Noack hoped to learn if having biodiverse areas close to farms could help crops be more resistant to drought and if that impact would be big enough to be seen in farmers' incomes.
Big data from small farms
The researchers used data from 7,556 households in 304 villages in Asia, Africa and Latin America, where farmers derive their incomes from traditional agriculture as well as forest products like lumber and firewood.
Noack and his research team looked for a connection between the level of natural biodiversity in this case, the number of plant species in the area and how strongly drought affected the incomes of local farmers.
The researchers had expected that greater local biodiversity would benefit farmers, and it did. Farmers in areas with half the biodiversity lost twice as much income when droughts hit during the growing season.
Noack said that initially they thought the effect was just correlated with crop diversity. "Maybe you plant more different crops in areas with higher natural biodiversity because maybe there are just more crops available in those areas and that's actually what's driving the effect."
But that's not what they found. Even when they accounted for the effect of greater crop diversity, the farmers' incomes seemed to be stabilized just by being close to diverse natural areas that can host many types of pollinators.

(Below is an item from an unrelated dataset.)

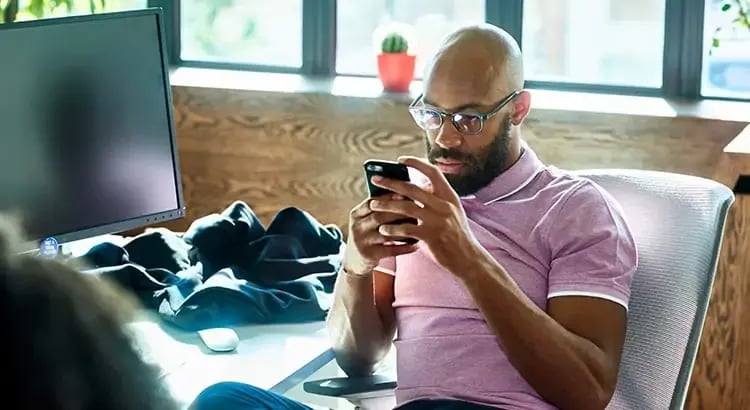 A man sitting and looking at his smartphone. He is wearing glasses and a casual outfit, with a serious expression on his face.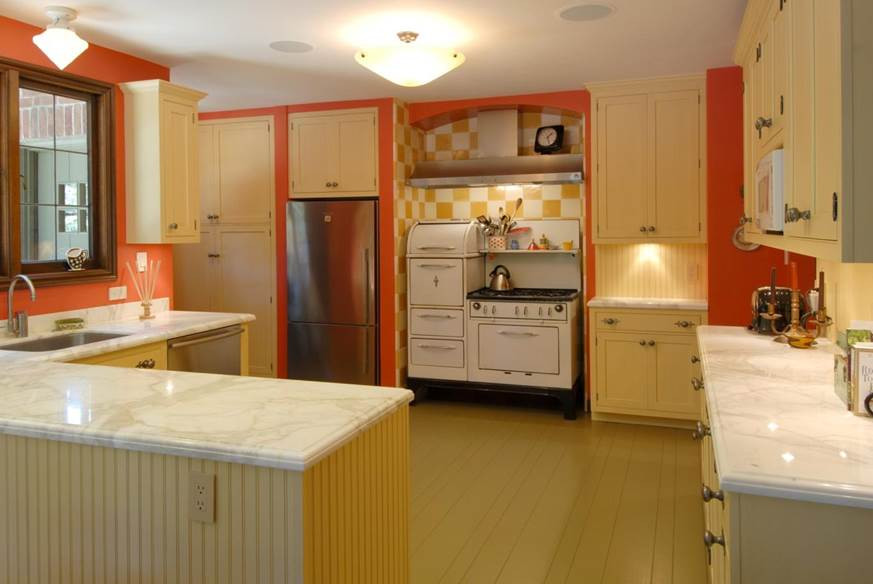 Bild på ett avskilt, mellanstort eklektiskt l-kök, med en undermonterad diskho, skåp i shakerstil, gula skåp, marmorbänkskiva, gult stänkskydd, stänkskydd i trä, rostfria vitvaror, målat trägolv, en halv köksö och beiget golv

Having access to forests was also an income stabilizer. Because forests are the result of many years of growth rather than just a single season, income from forest products is less susceptible to drought and can offset agricultural losses, the researchers found.
Encouraging conservation
Bruno Basso, an ecosystems scientist at Michigan State University who was not involved in the research, commented in an email that the researchers had been able to show that "biodiversity and forest conservation play a critical role in adapting and mitigating the negative effects of increased climate variability."
Noack hopes that this study can become part of the larger debate about conservation of natural areas.
"Should we just have protected area far away in areas that we don't use or shall we try to integrate that into normal land use?" said Noack. "This study actually says maybe we should at least have some level of biodiversity conservation in the agricultural landscape because of this positive spillover."
Basso agreed. "New global and local policy should specifically target conserving and enhancing biodiversity," he said.
This research is published in the Journal of the Association of Environmental and Resource Economists.